Data for review:
"""

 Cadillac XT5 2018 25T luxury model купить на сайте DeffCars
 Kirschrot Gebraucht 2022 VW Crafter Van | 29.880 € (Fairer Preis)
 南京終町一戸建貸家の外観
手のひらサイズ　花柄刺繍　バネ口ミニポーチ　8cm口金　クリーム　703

"""
"""

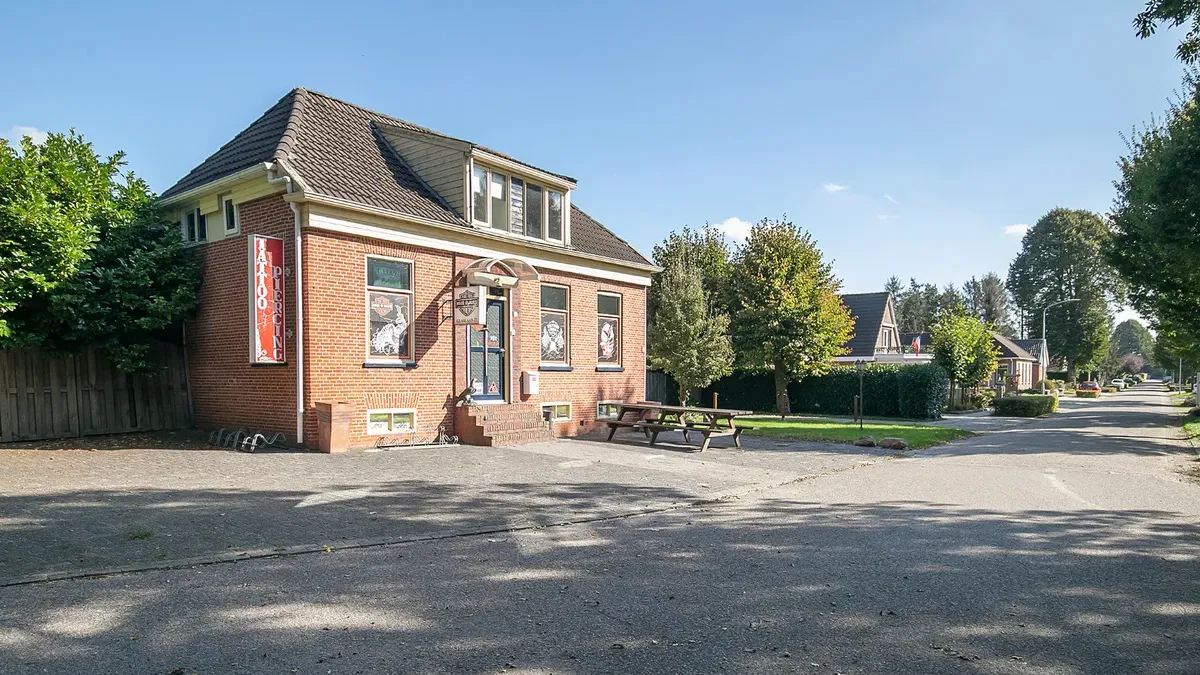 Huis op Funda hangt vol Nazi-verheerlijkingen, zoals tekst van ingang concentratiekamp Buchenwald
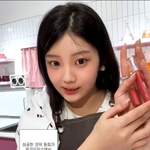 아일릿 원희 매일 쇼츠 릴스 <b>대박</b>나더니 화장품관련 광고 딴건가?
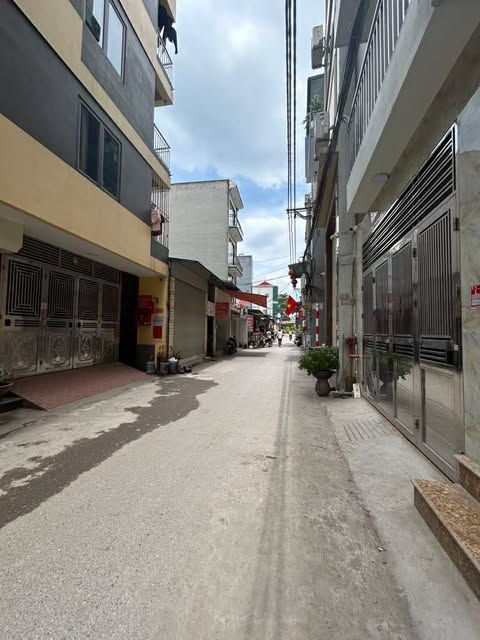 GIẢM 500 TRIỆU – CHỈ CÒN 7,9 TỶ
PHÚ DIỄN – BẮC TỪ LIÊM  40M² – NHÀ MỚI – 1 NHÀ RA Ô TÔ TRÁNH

"""
"""

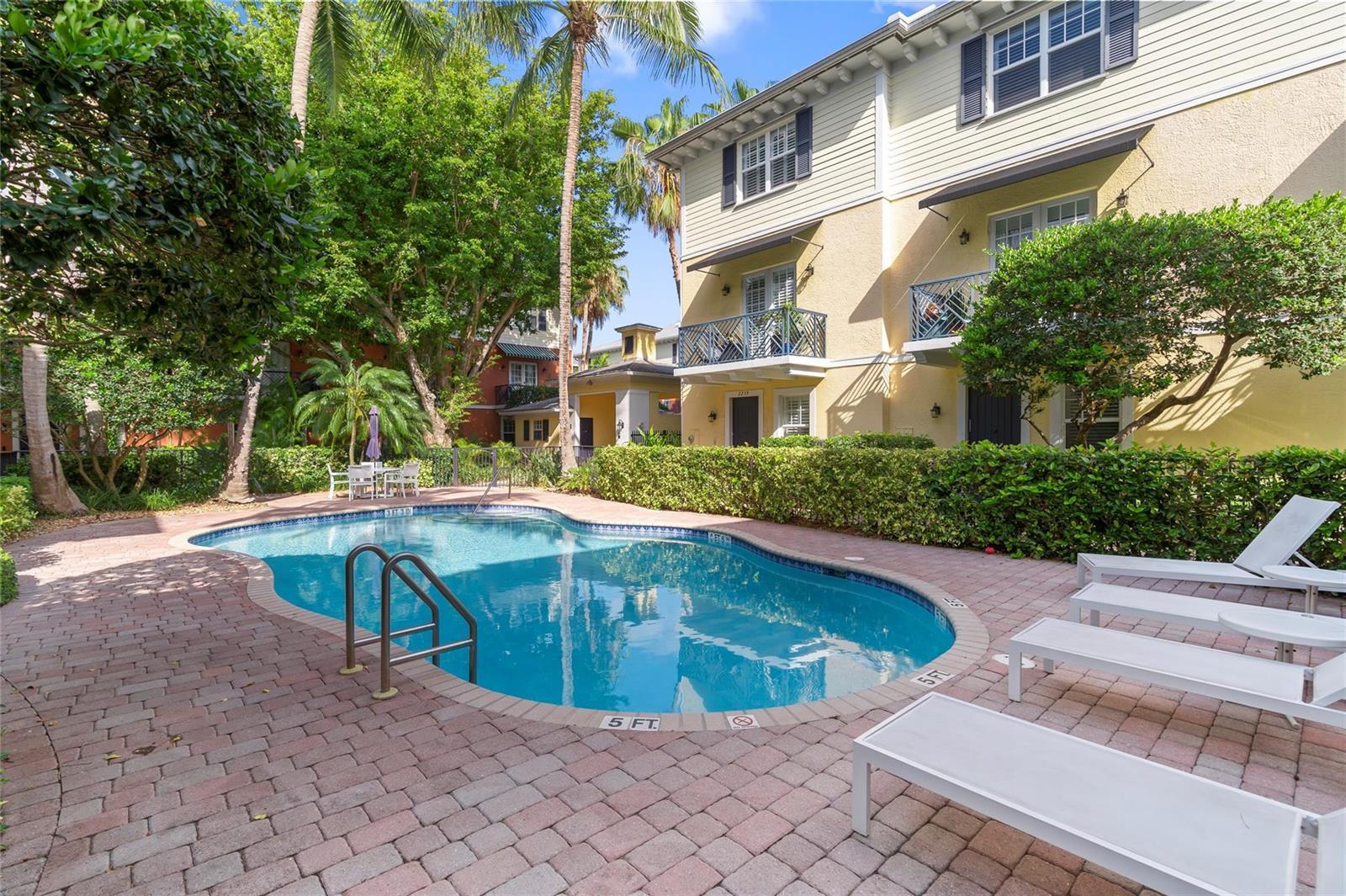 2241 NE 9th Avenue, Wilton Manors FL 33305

"""

Directions for this task: Take exactly the lines from the one containing "Cadillac XT5 2018" through the one containing "手のひらサイズ　花柄刺繍　バネ口ミニポーチ　8cm口金　クリーム　703" in the data above, and output them with nothing added.

Your solution:
 Cadillac XT5 2018 25T luxury model купить на сайте DeffCars
 Kirschrot Gebraucht 2022 VW Crafter Van | 29.880 € (Fairer Preis)
 南京終町一戸建貸家の外観
手のひらサイズ　花柄刺繍　バネ口ミニポーチ　8cm口金　クリーム　703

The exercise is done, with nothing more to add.